No quiero hacer de abogado del Diablo, no quiero decirles que cada vez hay más casas en la zona, y que las casas tienen siempre gente. No quiero reproducir el despectivo discurso oficialista donde se da a entender que los trabajadores del turismo siempre “lloran”.
Escucho: los profesores aprendemos a escuchar a personas disímiles. Y la voz de los almaceneros no tarda en salir, es una voz queda, acompañada por una mirada sombreada por un entrecejo fruncido, quizás con lágrimas contenidas.
El propietario de un supermercadito que está abierto todo el año, y que en temporada contrata seis empleados me dice que sí, que cada vez viene más gente, pero que eso no significa que el trabajo y la inversión se recuperen.
Al contrario. Me pone un ejemplo: “Imagina este local lleno, tanto que tenemos que cerrar las puertas porque no entra más gente. Ponle que hay 200 personas, 10 compran, 20 roban, y el resto mira. Y solo se termina vendiendo atún, pan y fiambre.
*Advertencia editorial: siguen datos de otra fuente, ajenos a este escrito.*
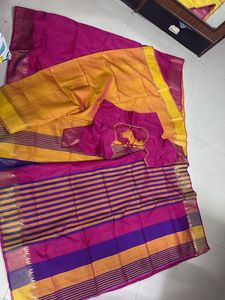 ElegantPure Silk Saree with Blouse  from Nalli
La gente con auto se trae todo del Chuy”.
Enmudezco, sé que se roba sistemáticamente en los almacenes sin sistemas de seguridad como los que ostentan los grandes supermercados de Montevideo. He visto cómo actúan, en grupo. Pero el hombre continúa: para él el gran ladrón es el Estado.
Me enumera la retahíla de costos que tiene que mantener un comercio así, ¡todo el año, además!, para que los habitantes del pueblo por lo menos tengan pan y papel higiénico. Me habla de impuestos con una gran cantidad de siglas, en primer término BPS. También aparece la palabra Bromatología, que según me explica es implacable en Rocha pero no en Maldonado.
Y llega a un punto trágico para toda esta gente: el uso extendido de tarjetas. La Ley de Inclusión Financiera se me convierte en sus palabras temblorosas en la ley de exclusión financiera. Me habla de que en cada compra con débito el 4% vuela a los bancos, no queda para ellos. Por lo menos el República acredita enseguida. Las otras tarjetas, las poderosas, cobran un 8% y tardan meses en pagar.
Yo pienso para mí que eso es una depredación. Este hombre es un trabajador desde el alba a la medianoche. Despojado. No puede subir los precios porque entonces nadie le entraría y así está preso en un círculo vicioso del cual solo se sale fundiéndose.
Recuerdo a otra almacenera de mi barrio, de Ciudad Vieja: “Nunca en mi vida he visto un gobierno más voraz que este. Es increíble: yo misma los voté”.